This article is rooted in the junk science by James Zou et al, published in their paper "How is ChatGPT's behavior changing over time?" (https://arxiv.org/abs/2307.09009). Initially, one of their benchmark scripts stumbled upon backticks added by GPT-4, causing poor scores. Simon Boehm fixed it for them, scores improved significantly (https://twitter.com/Si_Boehm/status/1681801371656536068). Now the authors are back with a revision (without giving credit to Boehm). Still, the benchmarks are silly because they measure what LLMs are historically challenged with: math and cases of "Do not do x" (ARC benchmark). One could argue that this is on purpose. I don't think so: Zou is not part of Stanford HAI, but Stanford Data Science. I think he's just publishing outside his realm of expertise, and popular media are again falling for fake.
"The research from the Stanford-Berkeley team shows empirically that it isn’t just an anecdotal impression. The chatbot has become empirically worse at certain functions, including calculating math questions, answering medical questions and generating code."
I don't get how you can understand LLMs enough to confidently say stuff like this, but not understand how many different ways the article is eyerollingly stupid:
They're conflating ChatGPT the website with the underlying model, the former of which uses a system prompt that changes significantly over time, completely independently of AI alignment. Their recent custom system prompt change confirms what everyone suspected: they've been running around like chickens without heads trying to tweak that prompt to make everyone happy, but you can never have a default that achieves that.
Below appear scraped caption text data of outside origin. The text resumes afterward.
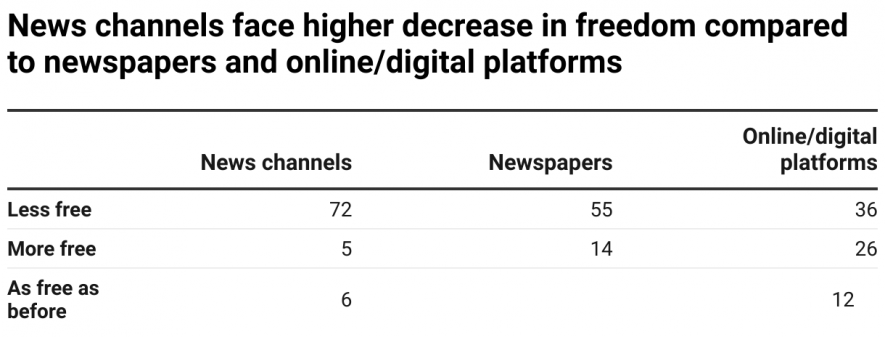 Lokniti-CSDS Indian media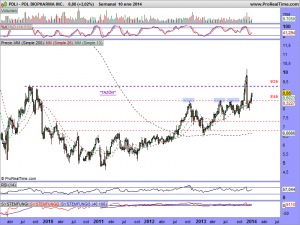 PDL BIOPHARMA INC.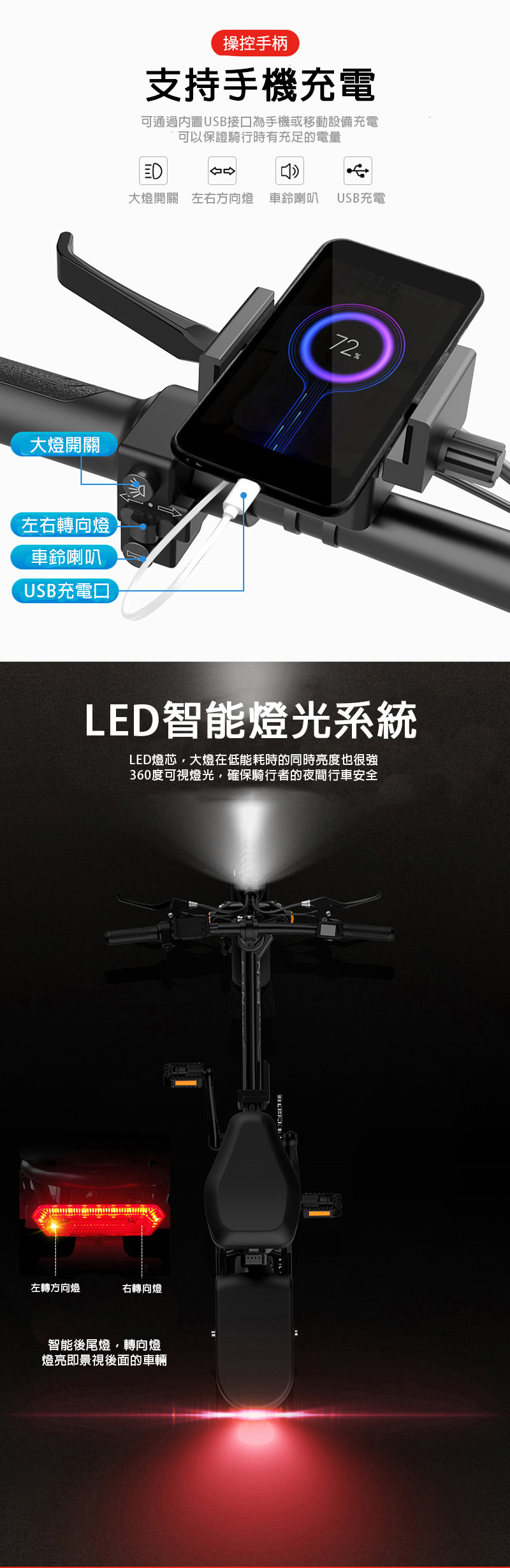 【e路通】ES-T3 48V 高碳鋼 鋰電 10AH 定速 LED燈 摺疊電動車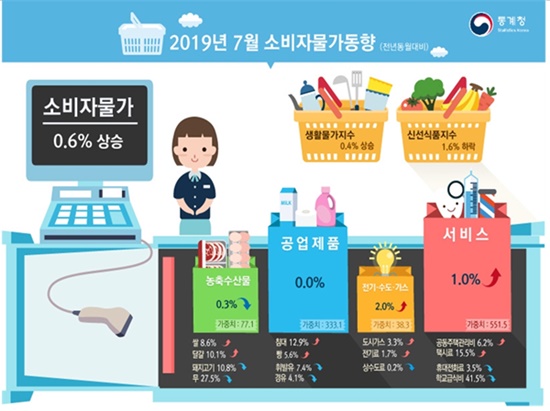 통계청은 ‘2019년 7월 소비자물가동향’을 발표했다. (사진 / 통계청)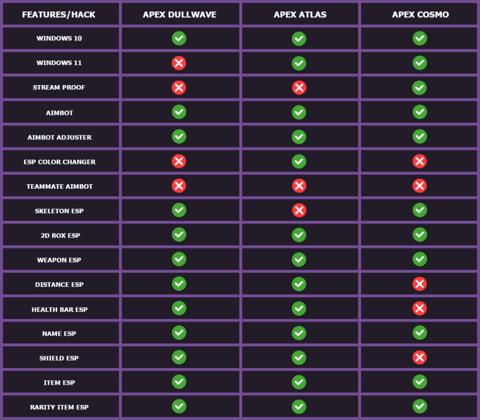 CosmoApexTable2.png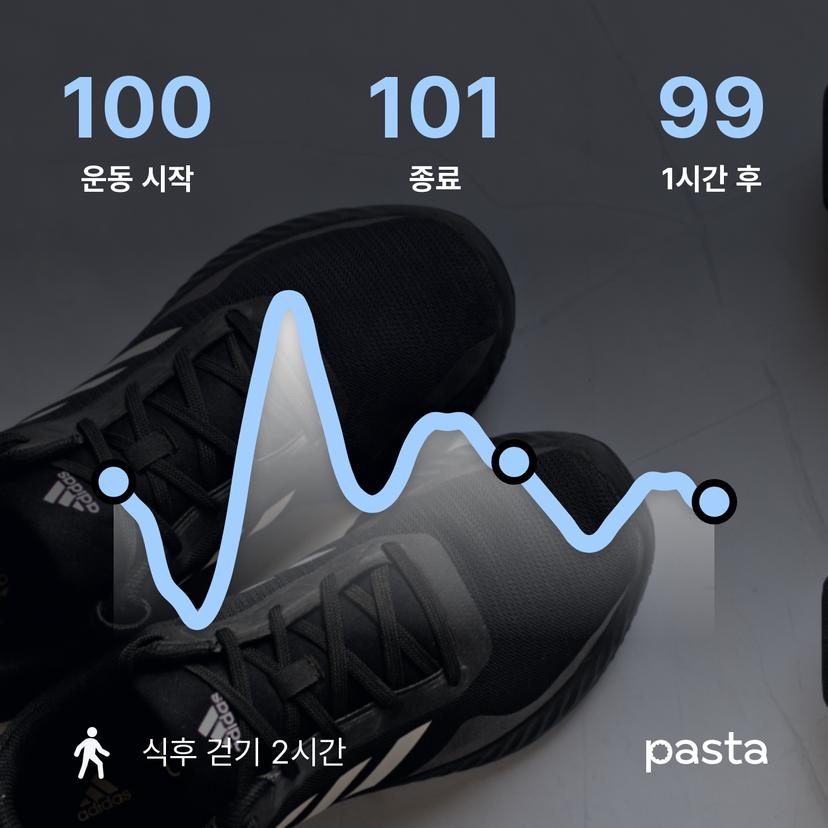 feed image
It also uses summarization to enable long chats... sometimes causing lay people to claim it got worse or forgot how to do X in a single conversation when really their original instructions have long left the context window.
-
And the fact they're judging it on it's ability to do "basic math" in the context window when the only actual update to the underlying model was centered around making function calling more reliable...
I mean the code interpreter is now live, it makes ChatGPT brilliant at basic math and a hell of a lot more than that. Basic math isn't basic for an attention based model.
I don't want to defend LLMs and generators (which are cool but still a long way from true AI). But it's not like people don't suffer from the same problem -- perhaps not on basic arithmetic, but on many complex problems.
And just to clarify, what the article referred to as "basic math" wouldn't be that easy for a human either.
One of their main examples is checking whether 19997 is prime; I really don't think that the probability of me doing that correctly without a calculator is that close to 1.